I realize that many gay people who read this blog may interpret these as the words of a self-loathing individual. While I can’t guarantee there’s not a little of that floating around inside me, I can honestly say that I write these words as a call to something higher rather than a condemnation of where people are on their journeys. On the same token, I'm not making excuses for self-centered behavior. I'm simply connecting the dots as I've seen them in my own life and relationships, and in the lives of people who are close to me. And there are plenty of dots to connect...

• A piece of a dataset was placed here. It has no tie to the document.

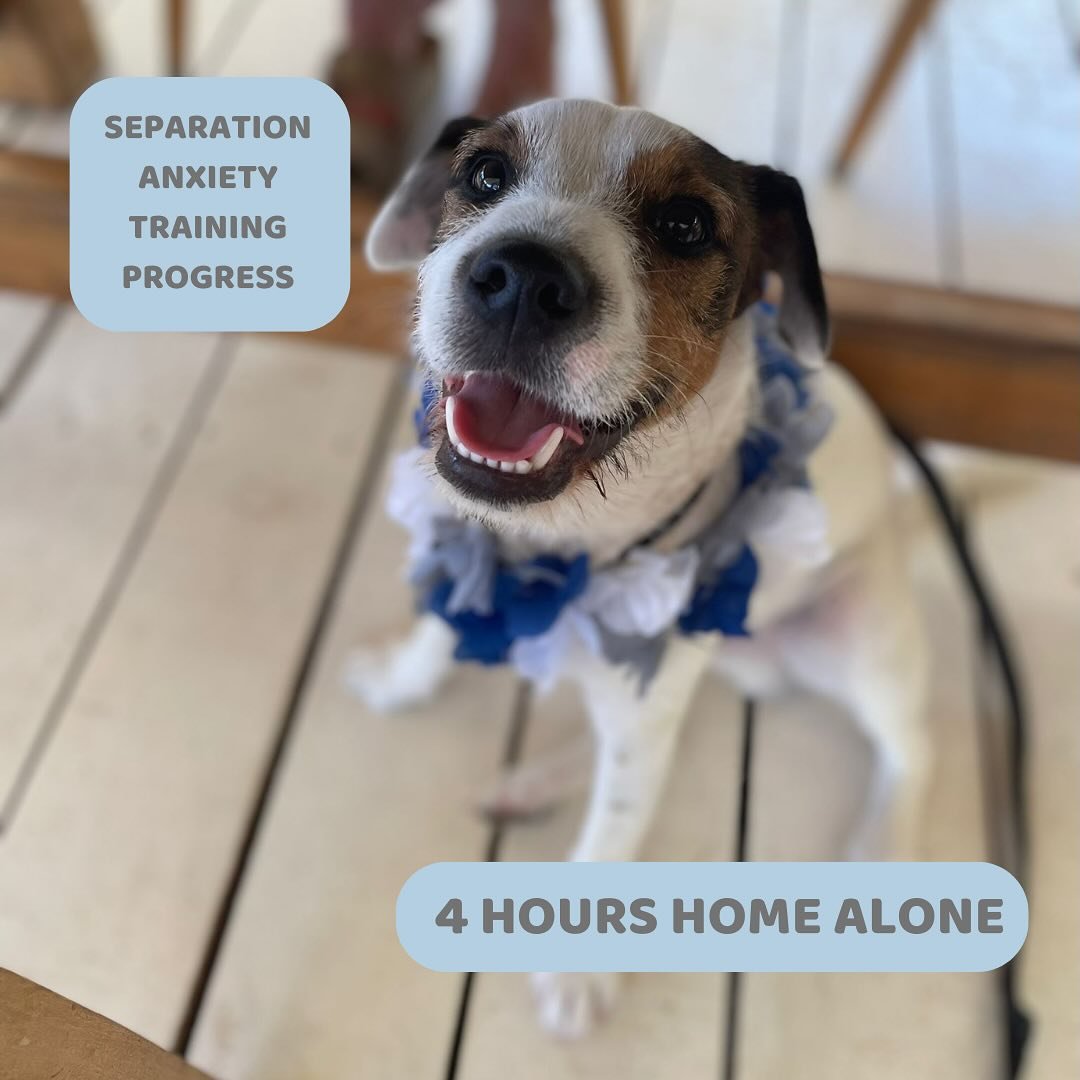 This gorgeous boy has hit his 4 HOUR milestone!!

All the hard work his lovely humans have put into getting him to this milestone is finally paying off. It&rsquo;s a training process that certainly requires consistency and dedication but believe me w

As gay people, as humans, and especially as Christians, if we sign up to be more like Jesus or even just for a deeper experience of intimacy in our relationships, then fighting this wave of narcissism that plagues our culture and community must become priority number one. I can tell you what that’s meant for my life, but it will look different for every person. What I know for sure is that it means letting people in, and letting them in far and deep enough to inconvenience you, to take from you when you're not in the mood to give. And it means that through those very same relationships we learn to trust people to not only take from us but also to give back those things that we have learned only to receive from our own efforts and accomplishments.

The times I’ve experienced the deepest levels of safety and security in my adult life as a gay Christian have been the moments when I've let people in, given myself up, and then watched with fear and trembling as God used those very same people to save me from myself.